Посему опускаем подробности белоцветовских похождений и берем быка за рога уже в тот момент, когда Белоцветов вошел в комнату Василия Чинарикова и сказал…
Нет, сначала нужно комнату описать. Комната Чинарикова была замечательна тем, что тут находилось множество полезных и красивых вещей, подобранных на помойке, а именно: канапе с причудливой спинкой и подозрительными разводами по обивке, гипсовый бюст поэта Апухтина, несколько аккуратно склеенных фарфоровых чашек с портретами маршалов Бонапарта, бронзовый канделябр, изображавший три грации с факелами в руках, два кресла красного дерева, одно обитое кожей, другое вытершимся штофом голубоватого цвета, какая–то деталь, вероятно иконостаса, резная, покрытая позолотой, которая была прилажена на стене, ломберный стол с наборной столешницей, ковер, когда–то, видимо, дорогой, но совершенно побитый молью. На стенах, кроме детали иконостаса, висело несколько книжных полок, сплошь заставленных энциклопедией Брокгауза и Ефрона, вышивка под стеклом и ростовой портрет Эрнеста Хемингуэя.
Итак, Белоцветов вошел в эту комнату и сказал:
— Слушай, Василий, ты, случайно, по отчеству не Петрович?
— Петрович, — сказал Василий.
— Так! Великолепно! Просто великолепно!
— Что великолепно–то?
— Ничего. Ты звонил в бюро несчастных случаев и в больницы?

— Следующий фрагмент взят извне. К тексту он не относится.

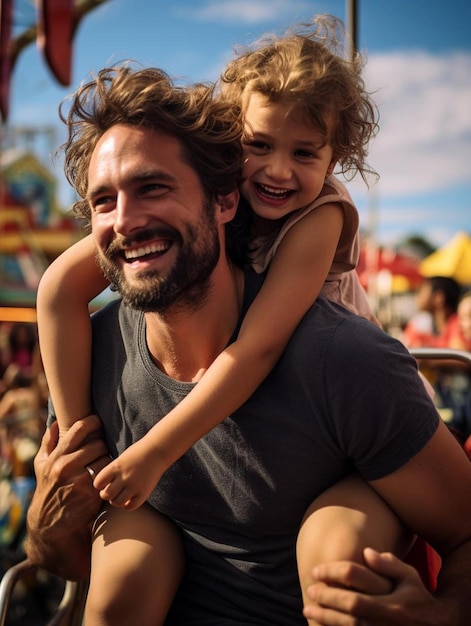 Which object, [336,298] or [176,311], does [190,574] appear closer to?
[176,311]

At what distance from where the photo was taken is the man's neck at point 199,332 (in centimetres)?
190

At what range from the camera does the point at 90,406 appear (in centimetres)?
204

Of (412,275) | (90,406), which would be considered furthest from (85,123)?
(412,275)

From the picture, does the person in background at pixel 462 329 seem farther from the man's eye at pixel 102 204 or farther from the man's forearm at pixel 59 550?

— Звонил. За весь вчерашний день в Москве произошло всего четыре несчастных случая: один мужик сгорел от собственной сигареты, один ребенок попал под автомобиль и две девушки выбросились из окошка; никогда бы не подумал, что в таком громадном городе происходит так мало невыдуманных несчастий. В больницах нашей старухи нет.

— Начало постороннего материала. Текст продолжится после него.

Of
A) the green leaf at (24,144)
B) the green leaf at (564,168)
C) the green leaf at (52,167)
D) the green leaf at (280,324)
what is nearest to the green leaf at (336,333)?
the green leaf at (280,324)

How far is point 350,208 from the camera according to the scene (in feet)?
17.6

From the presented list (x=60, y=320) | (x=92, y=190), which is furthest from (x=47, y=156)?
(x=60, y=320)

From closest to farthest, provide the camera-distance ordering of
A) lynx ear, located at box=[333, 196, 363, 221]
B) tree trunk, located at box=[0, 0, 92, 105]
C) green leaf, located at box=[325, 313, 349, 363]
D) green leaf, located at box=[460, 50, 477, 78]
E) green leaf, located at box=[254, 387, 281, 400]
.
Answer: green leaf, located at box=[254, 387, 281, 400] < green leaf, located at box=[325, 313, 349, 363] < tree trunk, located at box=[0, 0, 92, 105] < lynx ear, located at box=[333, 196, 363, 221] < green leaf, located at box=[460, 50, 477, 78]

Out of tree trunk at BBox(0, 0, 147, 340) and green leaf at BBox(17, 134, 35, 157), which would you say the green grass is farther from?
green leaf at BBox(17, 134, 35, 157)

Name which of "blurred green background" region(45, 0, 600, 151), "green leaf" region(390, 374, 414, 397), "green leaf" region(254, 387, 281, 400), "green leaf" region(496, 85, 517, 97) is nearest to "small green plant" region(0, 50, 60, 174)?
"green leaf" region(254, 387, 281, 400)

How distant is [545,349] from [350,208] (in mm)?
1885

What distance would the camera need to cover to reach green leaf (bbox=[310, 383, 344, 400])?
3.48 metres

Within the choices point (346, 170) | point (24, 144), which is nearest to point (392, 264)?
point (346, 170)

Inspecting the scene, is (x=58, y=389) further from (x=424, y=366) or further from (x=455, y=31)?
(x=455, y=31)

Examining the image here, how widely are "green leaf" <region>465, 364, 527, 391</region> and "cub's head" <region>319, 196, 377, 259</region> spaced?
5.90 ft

— Значит, все–таки либо просто похищение, либо похищение и убийство.
— Похоже, что так и есть. Ну а тебя с чем можно поздравить?
Белоцветов внимательно–внимательно посмотрел Чинарикову в
глаза и затем словно нехотя поведал ему о том, что на почте ему дали адрес некой Зинаиды Никитичны Кузнецовой, она оказалась крестной дочерью патриарха Сергея Владимировича Пумпянского, у которого как раз вчера была годовщина смерти, и по этому случаю Кузнецова послала его дочери телеграмму, что она вообще аккуратно делала последние сорок лет.
— Стало быть, пресловутая Зинаида, — сказал Чинариков, — положительно ни при чем. Это жаль.
— Почему жаль? — спросил Белоцветов немного зло.
— Потому что это была ниточка, а теперь мы по–прежнему на бобах.
— Вместо этой ниточки нашлась целая веревочка.
— Например? — спросил Чинариков с каким–то нервным, во всяком случае повышенным интересом.
— Например… — заговорил Белоцветов и вдруг сделал недобрую паузу. — Например, я вышел на некоего Алексея Саранцева, внучатого племянника нашей Пумпянской, а он в высшей степени подозрительный мужичок. Почему? Во–первых, потому, что он единственный и, так сказать, на безрыбье прямой наследник… — В этом месте Белоцветов опять сделал паузу и вперился в чинариковское лицо, но оно ничего такого не показало. — Во–вторых, он нигде не работает, и поэтому наследство ему было бы очень кстати. В–третьих, он большой, по–моему, хитрован. В–четвертых, он когда–то интересовался генеалогией, а это тоже ни о чем хорошем не говорит. Между прочим… хотя нет, между прочим — это потом.